Monday, January 26, 2009

Lost Cities (the Board Game)

When I first played Lost Cities (the card game by Rio Grande) I enjoyed it, but I was never a huge fan. It's got a nice core mechanic, but for me it grew kinda stale after half a dozen plays. (Some folks I know have enjoyed it for years, however.) I also didn't like that the theme felt "tacked on" to the mechanics - it could have just as easily been a game about lemonade stands, inventors, or vampire hunters.

Yesterday I played Lost Cities: The Board Game, and I must say I like it a lot more than the original. I think it's got longer legs - the random placement of the little scroll-shaped bits makes certain colors/suits a better investment at certain stages of the game. That's probably enough to keep it fresh for a long time.

If you like the original Lost Cities, you'll probably really dig the boardgame version. If the original wasn't your cup of tea, the boardgame is still probably worth a peek. It plays a little better, stays fresh longer, and emulates the theme far more accurately than the card game did. There's slightly greater options to consider on your turn, and it feels more like you're sending expeditions to locations. It works well with 3 or 4, whereas the original is purely a two-player game.

An aside: the red suit of the original Lost Cities featured artwork I referred to as "Viking Stonehenge in Hell". It was neat to look at and try to figure out, but it was strange. The board game version replaces that with the temple-in-a-canyon from Indiana Jones and the Last Crusade. I guess it's because it looks more like a city.


One criticism I will level, however, is that (both versions of the game) could use more "up" beats. Both games have a strong random element, and a relatively blind decision tree (since there's a lot of data you can't predict, such as whether or not the other player is hording the card you're waiting for). It's very easy to make a mistake that costs you the game or round, but it's rare you get the sense that a decision you made really boosted you ahead. Same with the random card draws - for every time you say "just the card I needed!" you probably say "I wish I'd drawn that two turns ago" twice and "just what I needed - another dead and useless card" four or five times. I think both games would be better if that excitement happened more often. It's very rare that you actually get excited about something you draw, and big risks rarely pay off. Instead, you just aim to play a solid conservative game and hope your opponents screw up more often then you do.

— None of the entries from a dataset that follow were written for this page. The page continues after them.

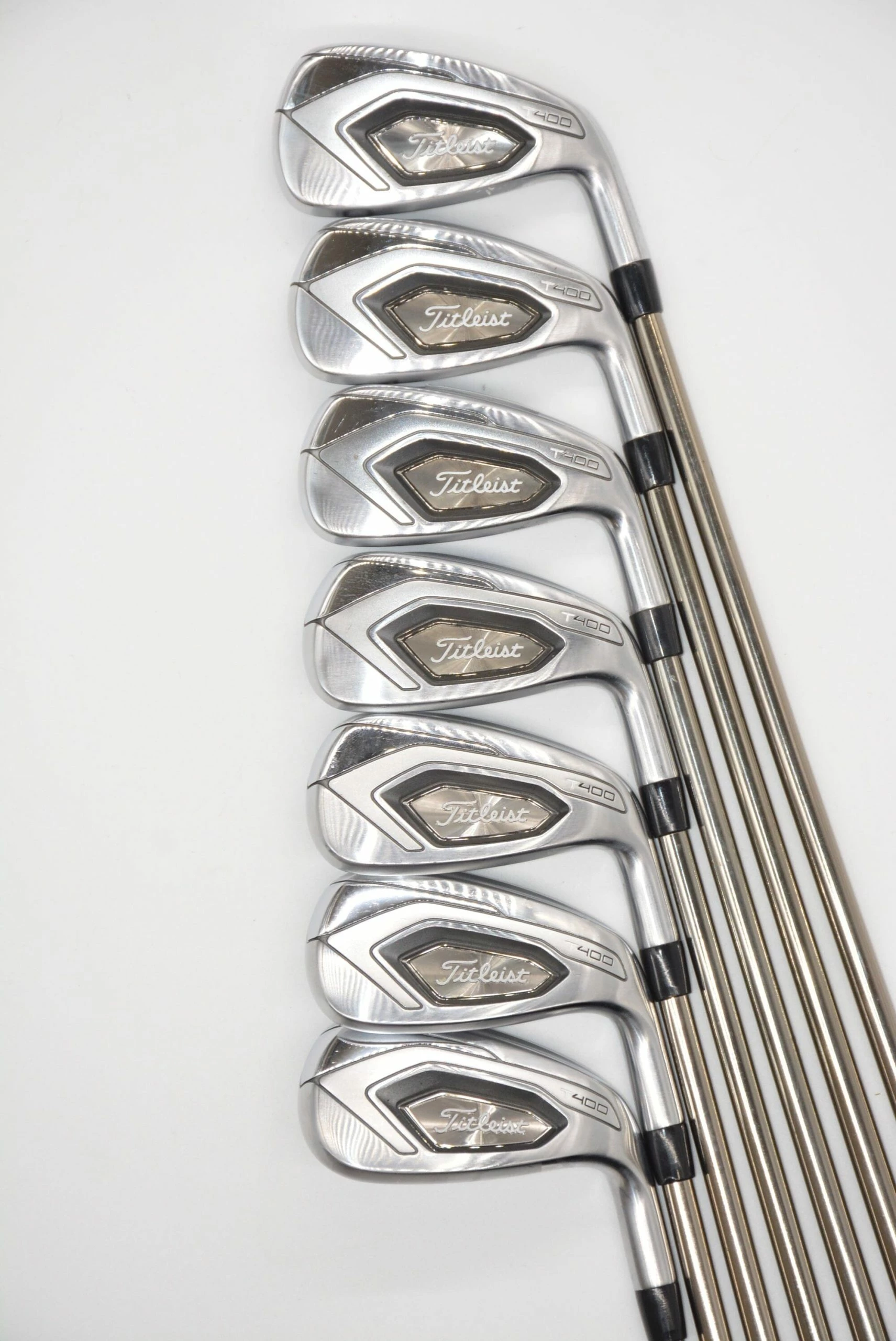 GolfRoots Titleist T400 5-AW Iron Set S Flex - Image 2
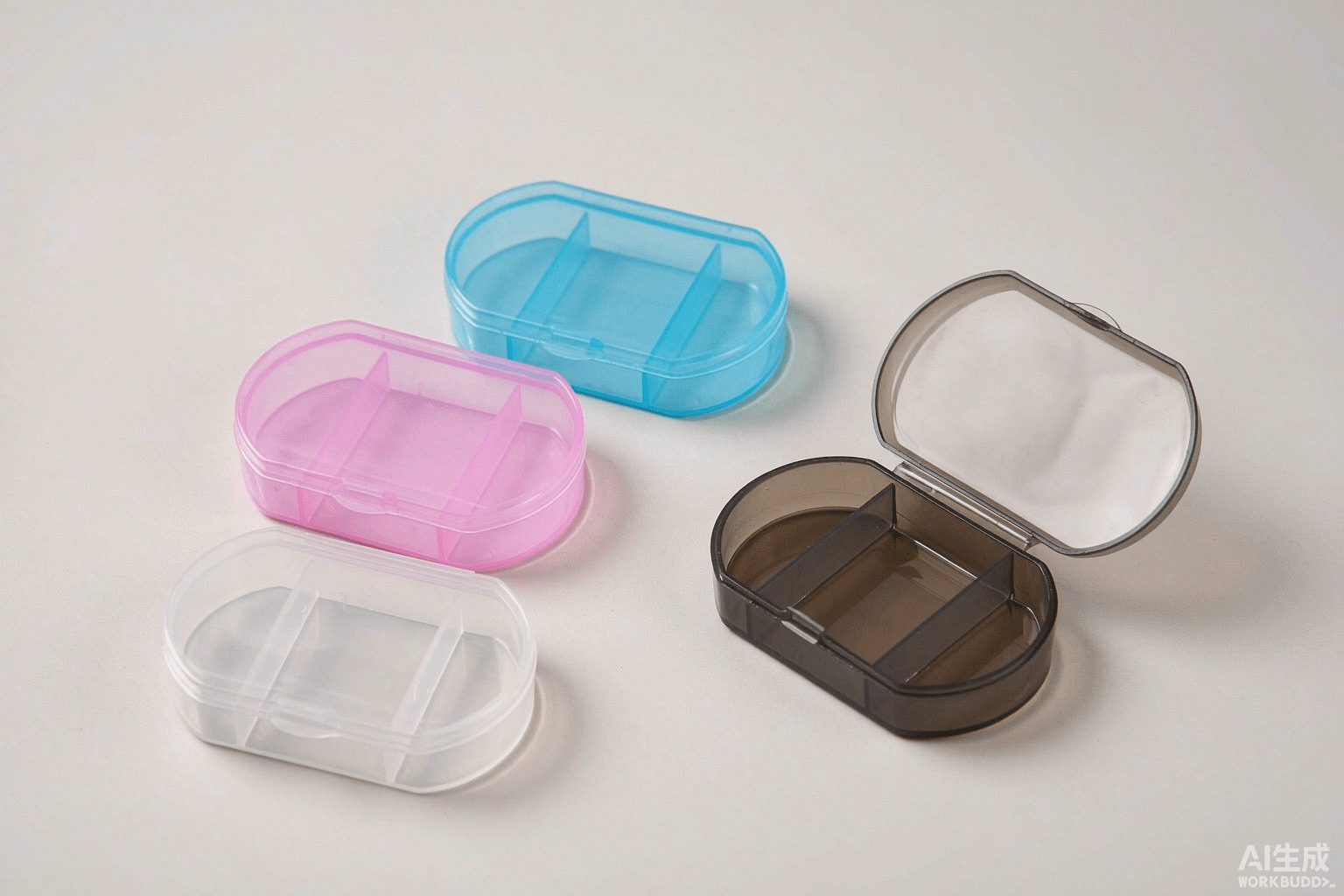 custom 3 compartment daily pill box professional photo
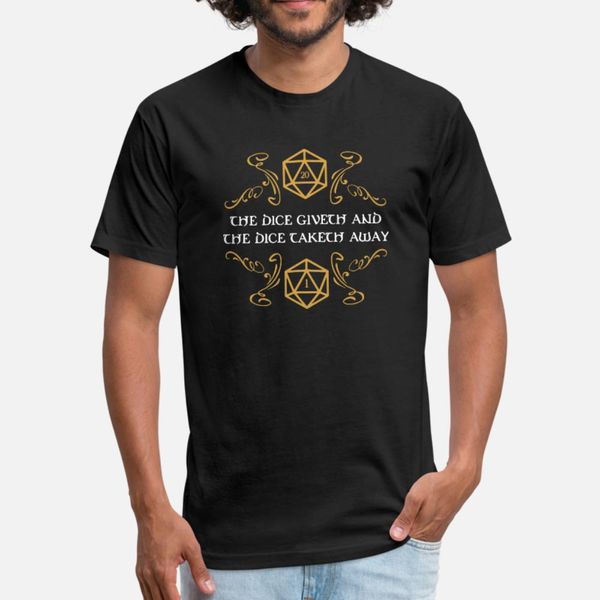 the dice giveth and taketh dungeons and dragons t shirt men customize short sleeve euro size s-3xl solid color anti-wrinkle humor shirt
the dice giveth and taketh dungeons and dragons t shirt men customize short sleeve euro size s-3xl solid color anti-wrinkle humor shirt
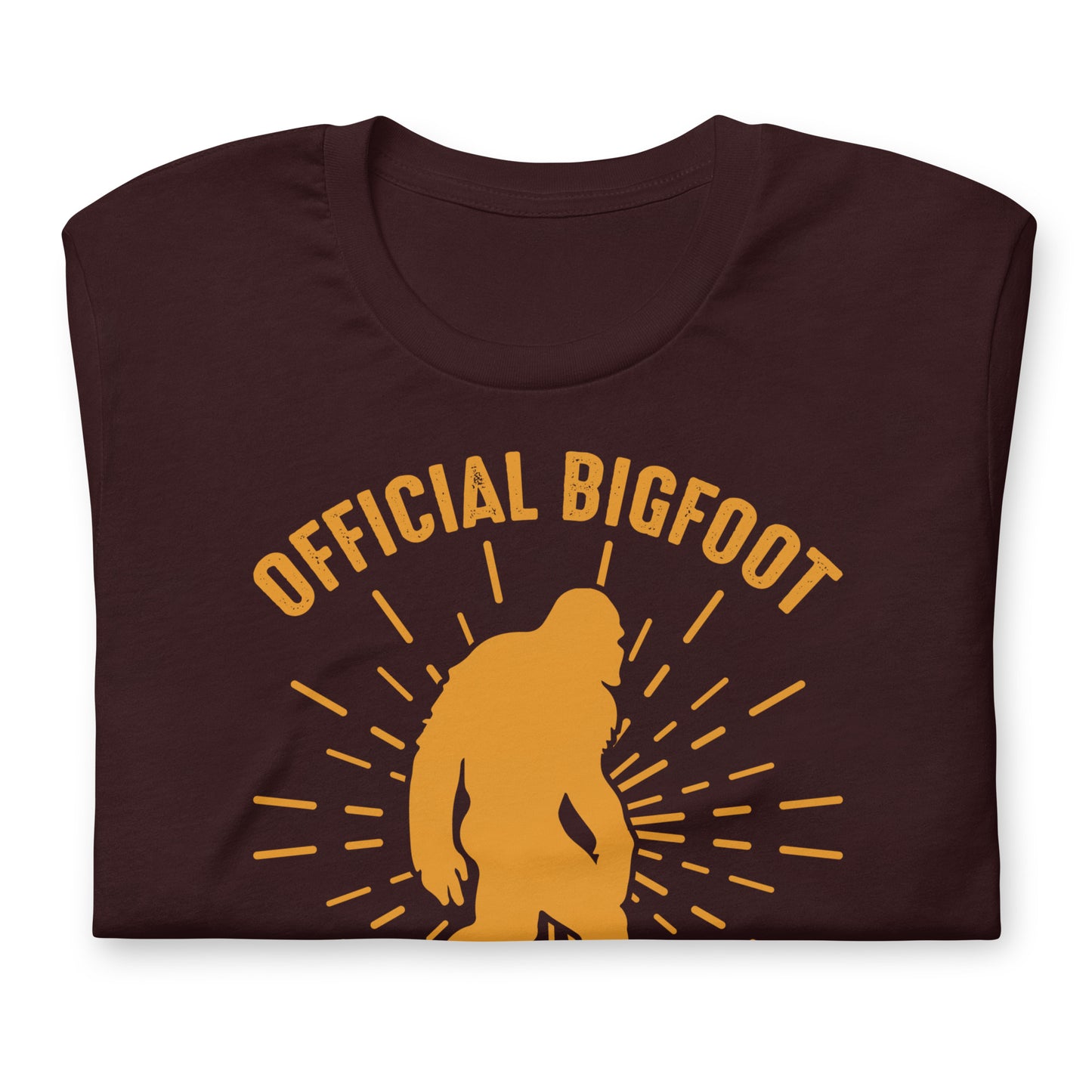 Official Bigfoot Research Team Bella Canvas Adult T-Shirt
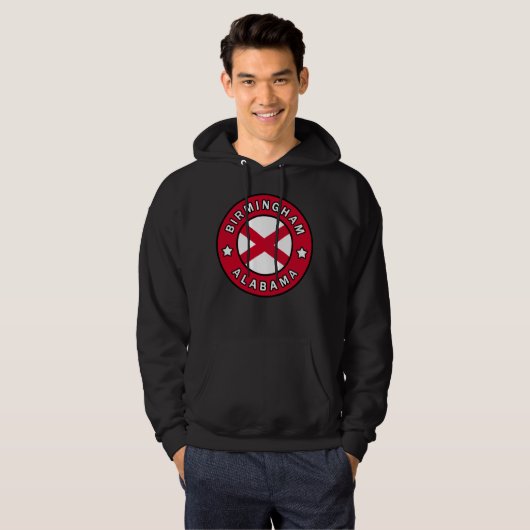 Birmingham Alabama Hoodie (Vorne ganz)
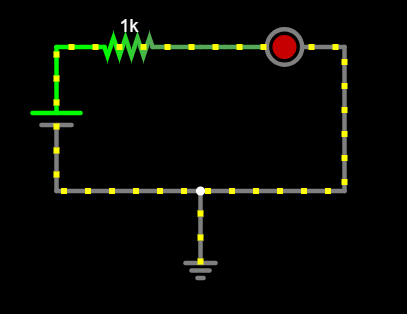 Screenshot: Circuit Simulator - LED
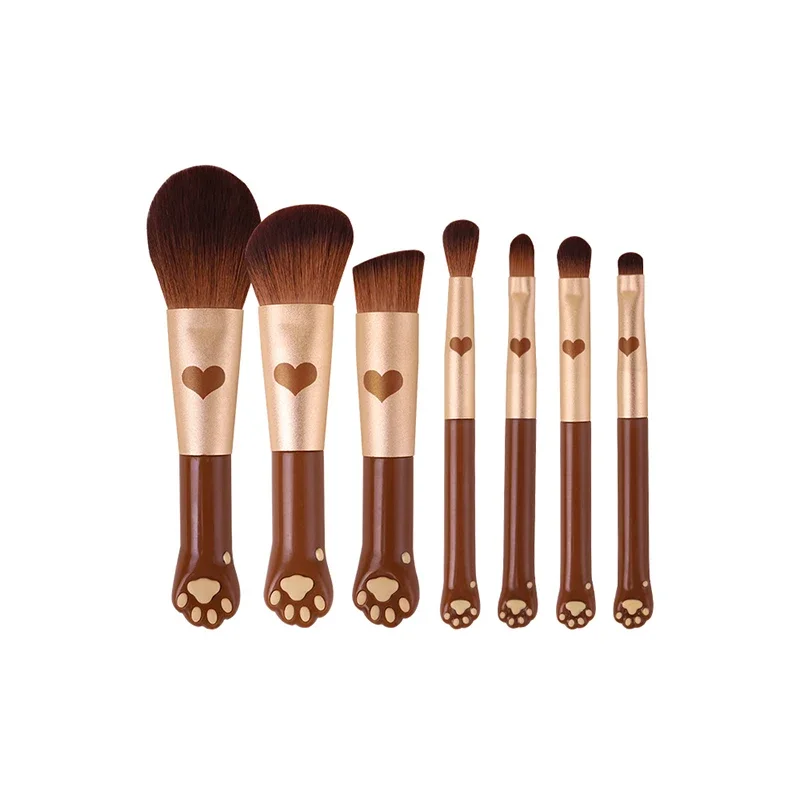 

Flower Know Cat's Paw Brush Foundation Repair Eye Shadow Suit Makeup Brush Set Portable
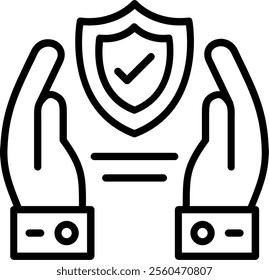 Reliability Line Vector Icon Design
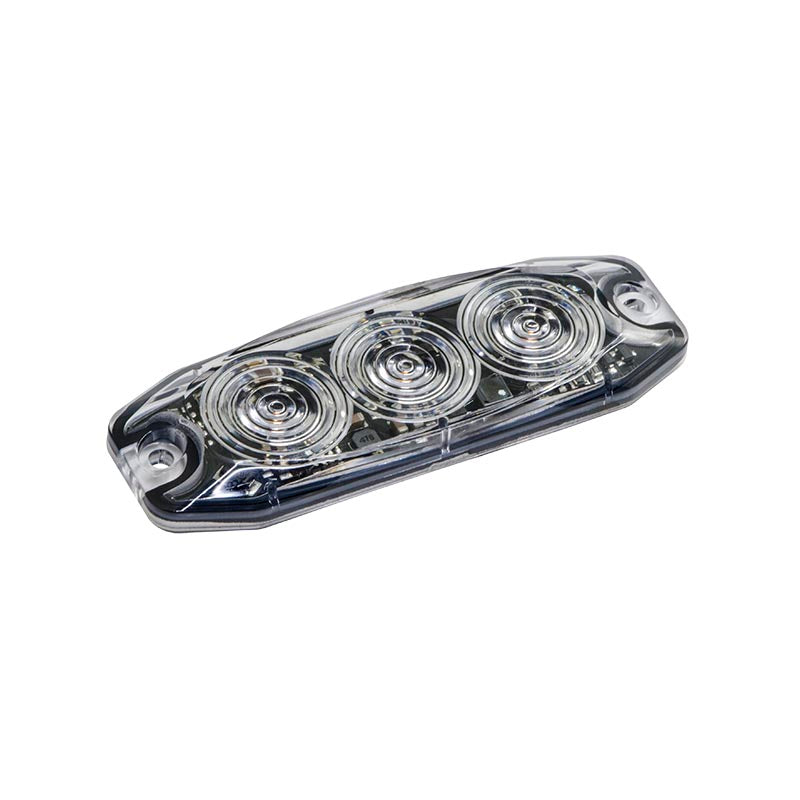 LED Autolamps R65 Low-Profile 3-LED Amber Warning Lamp - One Stop Truck Accessories Ltd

Another aside: A good future micro-expansion to address the excitement issue for the boardgame could be handled with just 7 cards. They'd come up rarely enough (IIRC, the main deck is 110 cards) that you wouldn't greatly alter your strategy to accommodate them, but they'd almost always be exciting when you drew them.
The first five cards could be a wild card in of each of the 5 colors/suits. These 5 wilds would just indicate a color, and have no numerical value. When you play one, it goes on the bottom of your stack, so it doesn't change the value of your high number, it just advances you along the track. Having one would make that color much easier, and provide more incentive to dip into your 4th or 5th color in a round.
The 6th and 7th cards would be a Wild 4 and a Wild 8. They would be all five colors (I'd say no color at all, but one of the 5 colors is white, so that doesn't work) and could be played on any one of your piles as the 4 or 8 (as appropriate) of that suit.4 and 8 aren't just random numbers, they were chosen so they'd impact suits that were still being developed as opposed to ones that were nearly closed off, or ones you'd just barely started.
I've thought up some other, more complicated, cards, but decided it's far better leaving the game uncluttered. The remainder of the hypothetical expansion (since you can't sell 7 cards profitably) would probably be new scroll-shaped tiles with different rewards to put on spaces.

An area that needs to be desperately avoided in any potential expansion for the game is cards that allow movement but don't go to your piles, cards that recirculate other cards from your piles, and various other graveyard animation tricks. We found that players were constantly moving the wrong pieces, and having piles of cards to simply recount allowed us to fix every error with 100% certainty no matter when we caught it.


In summation: the new Lost Cities is better than the old. It's fairly light, but has just enough variation to keep it fresh for many plays. It's not a game that's going to make you jump up in triumph, but it's a fun "thinker"-style game that won't melt your brain.